MPO inhibition with AZM198 reduces glomerular MPO deposition as well as macrophage and T cell infiltration in nephrotoxic nephritis with no significant effect on neutrophil recruitment. Median (interquartile range) glomerular CTCF and immunofluorescence staining for (A, C, and D) F4/80-expressing macrophages, (B, E, and F) MPO, and (G) glomerular CD4-positive cells in the glomeruli of mice with NTN treated with (C and E) vehicle or (D and F) MPOi at 133 μmol/kg.
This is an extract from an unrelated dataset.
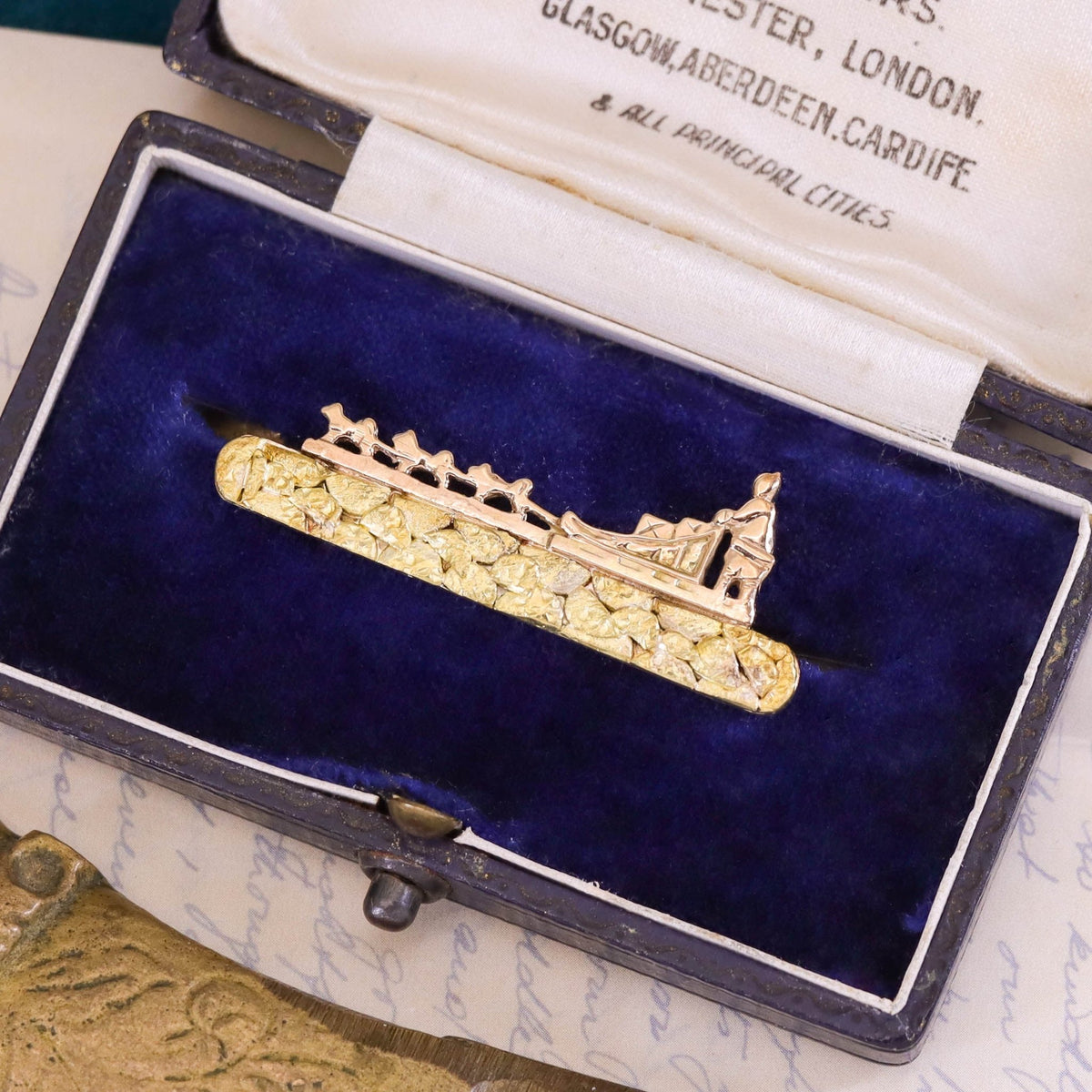 Vintage Sled Dog Brooch of 14k &amp; 18k Gold - Trademark Antiques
Mann–Whitney test, *P<0.05; **P<0.01. (H) Effect of MPOi on glomerular neutrophil accumulation: mice were dosed with either vehicle (n=4) or MPOi (n=4) twice a day at 133 μmol/kg for 48 hours after the injection of NTS (12 hours after the last dosing).There is no significant effect on neutrophil accumulation at 2 hours after NTS injection; yellow lines outline glomeruli.

Figure 8.

MPO inhibition with AZM198 did not increase cellular and humoral responses in nephrotoxic nephritis (A–D): (A) median (interquartile range) frequency of CD44^high CD62L^low CD4⁺ splenocytes from mice with NTN (n=8 per group). (B–D) Effect of MPO inhibition on serum humoral immune responses to sheep globulin: median (IQR) IgG subclass concentrations IgG1, IgG2b, and IgG3, respectively (n=8 per group). (E and F) Antigen-specific T cell responses using adoptive transfer of DO11.10 lymphocytes into OVA-immunized mice: median (interquartile range) frequency of CD44^highCD4⁺ cells (E) and CD44^high KJ⁺ CD4⁺ cells (F). Mann–Whitney test, P=NS.